15.13. This Agreement may be executed in any number of counterparts. Each counterpart is an original, but the counterparts together are one of the same Agreement. Where, for reasons of time and/or distance, one party is unable to deliver an original counterpart to the other Party, the Parties agree that a copy of the original executed counterpart sent by facsimile machine instead of the original counterpart is sufficient evidence of the execution of the original and may be produced in evidence for all purposes in place of the original.

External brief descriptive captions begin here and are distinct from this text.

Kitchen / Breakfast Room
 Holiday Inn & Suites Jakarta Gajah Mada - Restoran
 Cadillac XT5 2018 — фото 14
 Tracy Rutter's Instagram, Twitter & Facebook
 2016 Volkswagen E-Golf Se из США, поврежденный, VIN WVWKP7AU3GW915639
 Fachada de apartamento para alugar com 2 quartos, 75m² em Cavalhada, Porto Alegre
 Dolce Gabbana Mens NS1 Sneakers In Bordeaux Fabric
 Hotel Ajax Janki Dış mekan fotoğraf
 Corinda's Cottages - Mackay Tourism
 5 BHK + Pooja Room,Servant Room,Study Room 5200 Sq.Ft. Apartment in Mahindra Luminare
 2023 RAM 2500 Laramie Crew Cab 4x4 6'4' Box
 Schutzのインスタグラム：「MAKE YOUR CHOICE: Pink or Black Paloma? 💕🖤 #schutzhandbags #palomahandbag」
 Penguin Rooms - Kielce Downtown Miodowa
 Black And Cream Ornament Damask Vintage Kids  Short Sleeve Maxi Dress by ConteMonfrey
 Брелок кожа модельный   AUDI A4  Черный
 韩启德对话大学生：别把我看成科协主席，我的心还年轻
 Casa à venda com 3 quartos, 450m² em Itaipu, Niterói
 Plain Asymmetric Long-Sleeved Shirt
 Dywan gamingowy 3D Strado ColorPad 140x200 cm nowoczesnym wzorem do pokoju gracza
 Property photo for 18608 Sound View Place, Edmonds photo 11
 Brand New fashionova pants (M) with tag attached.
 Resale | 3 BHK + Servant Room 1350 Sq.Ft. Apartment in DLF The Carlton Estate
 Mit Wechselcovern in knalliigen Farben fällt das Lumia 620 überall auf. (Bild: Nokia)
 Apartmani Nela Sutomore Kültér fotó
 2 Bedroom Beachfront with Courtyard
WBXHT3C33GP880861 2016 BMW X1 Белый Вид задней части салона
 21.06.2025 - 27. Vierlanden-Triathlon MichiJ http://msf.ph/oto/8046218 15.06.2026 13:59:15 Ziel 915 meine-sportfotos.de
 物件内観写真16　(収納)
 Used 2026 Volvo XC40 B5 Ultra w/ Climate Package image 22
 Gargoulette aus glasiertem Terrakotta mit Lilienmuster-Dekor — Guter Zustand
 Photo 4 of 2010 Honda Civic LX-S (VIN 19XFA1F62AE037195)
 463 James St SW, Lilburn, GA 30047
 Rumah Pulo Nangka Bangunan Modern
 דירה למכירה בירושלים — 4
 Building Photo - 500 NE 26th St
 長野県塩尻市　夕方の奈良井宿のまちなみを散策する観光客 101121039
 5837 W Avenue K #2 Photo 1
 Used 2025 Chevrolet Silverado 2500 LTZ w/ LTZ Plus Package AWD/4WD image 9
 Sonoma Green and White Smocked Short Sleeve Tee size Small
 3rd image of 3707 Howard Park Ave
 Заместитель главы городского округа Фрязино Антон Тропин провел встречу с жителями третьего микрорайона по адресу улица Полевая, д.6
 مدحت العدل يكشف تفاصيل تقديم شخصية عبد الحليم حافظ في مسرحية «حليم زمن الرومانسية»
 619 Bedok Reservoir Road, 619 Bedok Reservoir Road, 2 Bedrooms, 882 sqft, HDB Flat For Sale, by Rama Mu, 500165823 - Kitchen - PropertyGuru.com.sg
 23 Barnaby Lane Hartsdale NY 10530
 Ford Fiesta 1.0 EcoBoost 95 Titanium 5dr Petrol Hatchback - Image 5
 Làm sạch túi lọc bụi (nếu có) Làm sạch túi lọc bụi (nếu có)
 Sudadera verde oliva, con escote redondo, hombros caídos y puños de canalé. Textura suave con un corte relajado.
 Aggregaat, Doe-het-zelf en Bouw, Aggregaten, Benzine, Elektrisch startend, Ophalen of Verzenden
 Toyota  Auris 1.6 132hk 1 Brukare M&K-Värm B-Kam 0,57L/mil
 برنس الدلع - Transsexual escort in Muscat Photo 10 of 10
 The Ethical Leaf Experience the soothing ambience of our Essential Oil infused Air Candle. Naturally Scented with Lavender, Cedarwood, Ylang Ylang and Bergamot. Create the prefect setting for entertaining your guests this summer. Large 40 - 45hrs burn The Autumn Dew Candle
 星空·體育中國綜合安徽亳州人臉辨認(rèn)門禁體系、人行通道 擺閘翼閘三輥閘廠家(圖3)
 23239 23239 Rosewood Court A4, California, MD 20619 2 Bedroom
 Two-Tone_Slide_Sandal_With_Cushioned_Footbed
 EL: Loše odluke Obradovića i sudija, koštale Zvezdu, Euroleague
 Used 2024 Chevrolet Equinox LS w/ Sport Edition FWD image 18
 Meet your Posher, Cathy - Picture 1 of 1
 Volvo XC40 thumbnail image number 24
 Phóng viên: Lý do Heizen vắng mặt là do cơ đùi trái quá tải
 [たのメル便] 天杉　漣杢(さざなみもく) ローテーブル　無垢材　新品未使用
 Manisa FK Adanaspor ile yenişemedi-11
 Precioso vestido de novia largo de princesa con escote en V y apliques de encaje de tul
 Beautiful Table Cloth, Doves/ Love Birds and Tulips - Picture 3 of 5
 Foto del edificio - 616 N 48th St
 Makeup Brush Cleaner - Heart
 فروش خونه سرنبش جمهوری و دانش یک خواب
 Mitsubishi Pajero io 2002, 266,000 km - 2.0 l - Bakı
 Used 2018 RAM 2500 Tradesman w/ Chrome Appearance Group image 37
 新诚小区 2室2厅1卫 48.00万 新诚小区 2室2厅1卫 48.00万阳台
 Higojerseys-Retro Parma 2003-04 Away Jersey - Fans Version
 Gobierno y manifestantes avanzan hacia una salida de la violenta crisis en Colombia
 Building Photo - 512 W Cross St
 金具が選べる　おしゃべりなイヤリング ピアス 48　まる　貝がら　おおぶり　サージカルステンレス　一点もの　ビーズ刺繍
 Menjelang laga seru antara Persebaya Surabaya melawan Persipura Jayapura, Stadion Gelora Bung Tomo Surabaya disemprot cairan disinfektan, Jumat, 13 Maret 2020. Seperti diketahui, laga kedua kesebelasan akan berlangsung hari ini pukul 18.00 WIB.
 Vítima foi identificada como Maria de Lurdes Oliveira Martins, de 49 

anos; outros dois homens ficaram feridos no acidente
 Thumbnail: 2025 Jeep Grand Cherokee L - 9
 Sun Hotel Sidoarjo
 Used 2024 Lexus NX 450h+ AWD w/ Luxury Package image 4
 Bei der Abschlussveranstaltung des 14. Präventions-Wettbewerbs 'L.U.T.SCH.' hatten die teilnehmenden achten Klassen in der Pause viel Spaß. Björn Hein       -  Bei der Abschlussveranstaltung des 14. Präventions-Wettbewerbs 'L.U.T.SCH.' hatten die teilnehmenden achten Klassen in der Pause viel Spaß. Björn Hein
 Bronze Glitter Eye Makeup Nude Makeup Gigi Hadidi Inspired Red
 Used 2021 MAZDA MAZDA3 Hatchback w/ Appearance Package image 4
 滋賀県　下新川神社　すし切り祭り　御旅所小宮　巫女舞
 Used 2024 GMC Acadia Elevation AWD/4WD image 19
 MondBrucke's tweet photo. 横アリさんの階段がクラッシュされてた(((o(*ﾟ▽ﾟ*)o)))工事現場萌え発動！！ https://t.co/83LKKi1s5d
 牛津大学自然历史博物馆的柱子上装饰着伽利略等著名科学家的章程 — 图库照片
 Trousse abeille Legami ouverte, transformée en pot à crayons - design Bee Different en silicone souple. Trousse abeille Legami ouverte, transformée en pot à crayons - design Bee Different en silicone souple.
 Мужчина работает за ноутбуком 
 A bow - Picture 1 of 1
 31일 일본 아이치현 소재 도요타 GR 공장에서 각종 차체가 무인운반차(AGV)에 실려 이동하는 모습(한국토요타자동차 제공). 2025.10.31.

15.14. Notwithstanding any other provisions in the Agreement, the indemnities contained in the Agreement shall survive the signing hereof.
15.15. The contents of the Agreement are contained in an electronic format and shall have full validity and effect notwithstanding the fact that it may not been printed, and the electronic signatures of the parties shall be deemed to be hands or common seals of the respective parties.
15.16. The Borrower hereby authorises the Lender to: (i) sign assignment agreements between the Borrower and other Borrowers or investors, (ii) execute, sign, perform and amend any and all letters, notices, agreements, amendments and other documents with the Borrowers or investors and other third parties (including, inter alia, collection services and agency agreements) required and necessary to perform actions specified above, and (iii) carry out any other actions necessary to fulfil this mandate. The Parties agree and intending to be legally bound and the Parties have duly executed this Agreement as of the date first written above at USA.